Clothing box decorated with peony scrolls. Lacquer inlaid with mother-of-pearl and tortoiseshell, and brass wire. 17th century. H. 21,3cm, W. 79,1cm, D. 46cm. This box demonstrates stylistic variations on the peony scroll, a favorite design on Korean lacquer ware ornamented with shimmering abalone shells, or mother-of-pearl. Here, the large luscious blooms are accentuated.
Collection: The Met New York.
Lacquered letter box. H. 7.0cm, L. 20.5cm, W. 37.2cm. This top and sides of this letter case are adorned with an inlaid mother-of-pearl grape design, while a pair of bees is portrayed in the margin to provide a sense of liveliness. It displays the typical features (such as the bold layout of the patterns, realistic portrayal, and use of margins) of lacquerware inlaid with mother-of-pearl from the mid-Joseon period. Collection: National Museum of Korea.
Box. Dark lacquer with mother-of-pearl inlay. Lotus vine pattern. Late Joseon Dynasty probably 18th – 19th centuries.
H. 18cm, W. 46,1cm, D. 31,3cm, Collection: National Museum of Korea. (3 photos).
Photos left & right. Box with flowers & clouds. 18th century. Lacquer inlaid with mother-of-pearl. H. 21cm, W. 21cm, D. 31,9cm. Collection: The Met, New York.
Presentation box for a wedding (yemulham), wood, black laquer, inlaid mother of pearl, horn with underpainting and brass wire, hinges and lock fitting of brass, 15,7 x 19,8 x 28,5 cm, early Joseon dynasty (1392-1910), 15th century. Collection: Museum für
Ostasiatische Kunst Köln, Germany.
If you have this antique box in your room, what would you keep inside? People from the Joseon Dynasty (1392-1897) used this lacquered box to store combs and hair ornaments. The top of the lid is adorned with a pair of phoenixes holding the herb of immortality in their beak, and the edge is ornamented with half-flower patterns. The front shows a chrysanthemum and peony design; the sides have plum blossom, bamboo, and a pine tree with a pair of birds. The back is decorated with water plants and a pair of birds. It displays typical features of mother-of-pearl inlaid lacquerware of the mid-Joseon Dynasty.
Lacquered Comb Box Inlaid with Mother-of-Pearl, Joseon Dynasty (1392-1897). Collection: National Museum of Korea.
A Large Lacquered-wood Box Inlaid with Mother-of-Pearl Dragons
Joseon dynasty (early 20th century)
Rectangular, with rounded corners elaborately inlaid on the overhanging lid in large pieces of mother-of-pearl with two confronted dragons facing off on either side of a flaming jewel with a backdrop of scalloped clouds, the sides of the lid inlaid in mother-of-pearl with lotus arabesques on the long sides, inlaid with bamboo on one short side and inlaid with plum branches on the opposite short side, the ground of the lid black lacquer, which is repeated on the plain lower box; interior lined with green paper
28½ x 17 5/8 x 5¼in. (72.6 x 44.8 x 13.3cm.) Christie’s Auction. 
Clothing box decorated with dragons. Lacquer inlaid with mother-of-pearl, tortoiseshell, and ray skin. 19th century. Joseon dynasty.
H. 17,1cm, W. 73cm, D. 45,1cm.
This box’s lively design features two dragons chasing a flaming jewel. The beasts’ long, sinewy bodies wrap around the sides of the box; their heads face each other at opposite corners at the top. The masterful mixture of diverse materials—mother-of-pearl, tortoiseshell, and ray skin—highlights different textures, emphasizing not only the tactile quality of the mythical beasts but also their dynamic character. Collection: The Met, New York.

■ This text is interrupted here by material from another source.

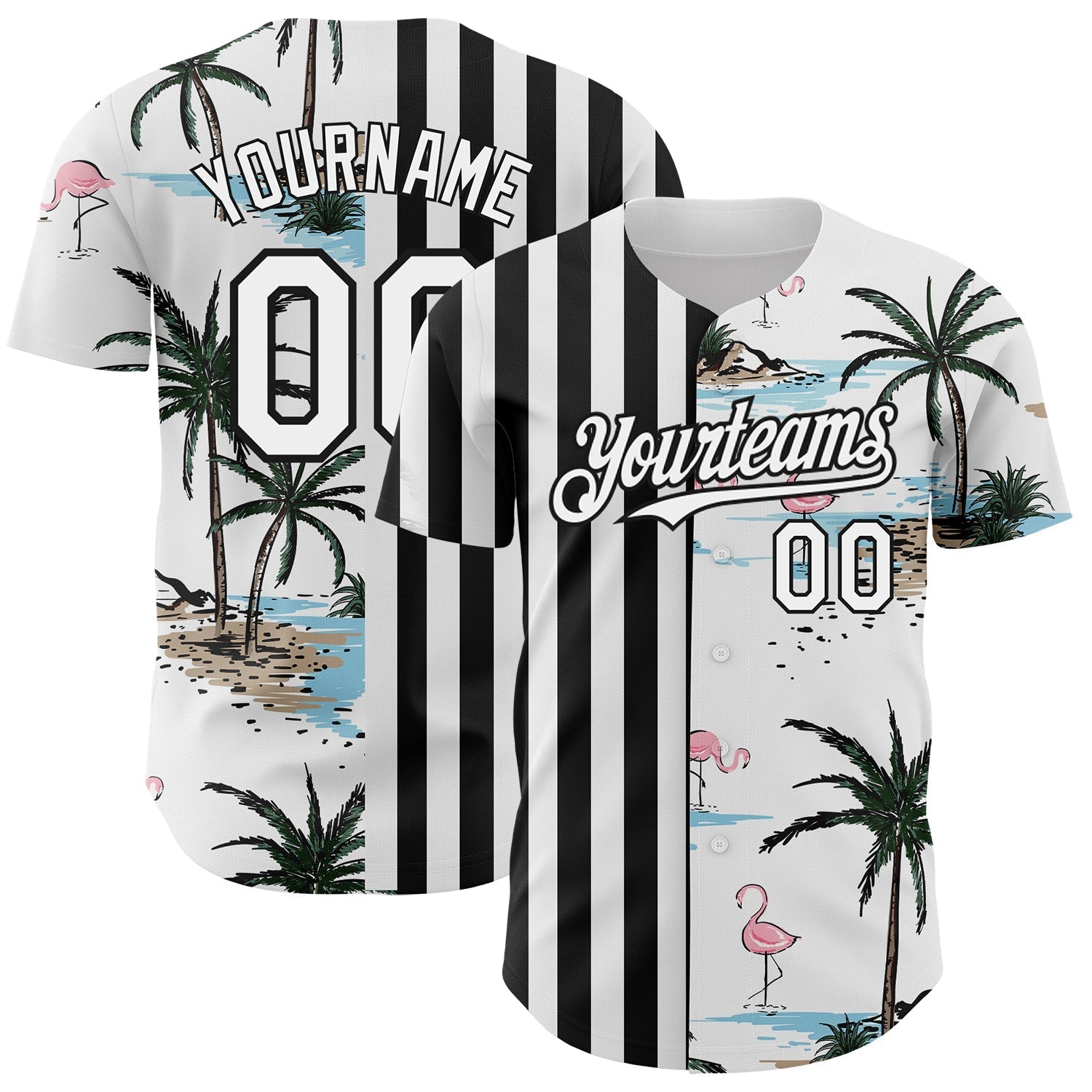 Custom White Black 3D Pattern Design Tropical Hawaii Palm Trees Authentic Baseball Jersey baseball jersey product view 1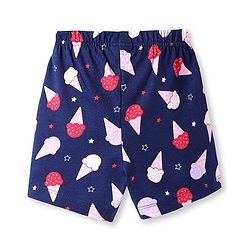 Babyhug Cotton Knit Half Sleeves Shorts Nightsuit With Ice Cream Print - Navy Blue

Mother-of-pearl three-story cabinet with ten symbols of longevity pattern, 2006 North Korean crafts.

“A rectangular parallelepiped shape features a storage cabinet with a swinging door beneath a rectangular ceiling plate. This three-layer structure has each floor separated, and horse-drawn legs are attached to the lower part, connected by foot straps. The swing doors on each floor are hinged with square hinges, and a square front base is attached. A lock engraved with the letter ‘囍’ is placed on the pear tree in front of the 2nd and 3rd floors. The four corners of each door plate are reinforced with ear decorations. Four drawers with bat-shaped handles are attached to the top of the first-floor door, and a ‘ㄷ’ shaped handle is affixed to the top of the third-floor door. The front four corners of the ceiling plate, gunny sack, and each layer are reinforced with gamjabi. The entire surface and interior are painted with black lacquer, and the front is adorned with the Ten Longevity Symbols, while both sides showcase landscape patterns created using the mother-of-pearl technique—a method in which mother-of-pearl is carved into the patterned part of the tree and then inlaid with mother-of-pearl”. 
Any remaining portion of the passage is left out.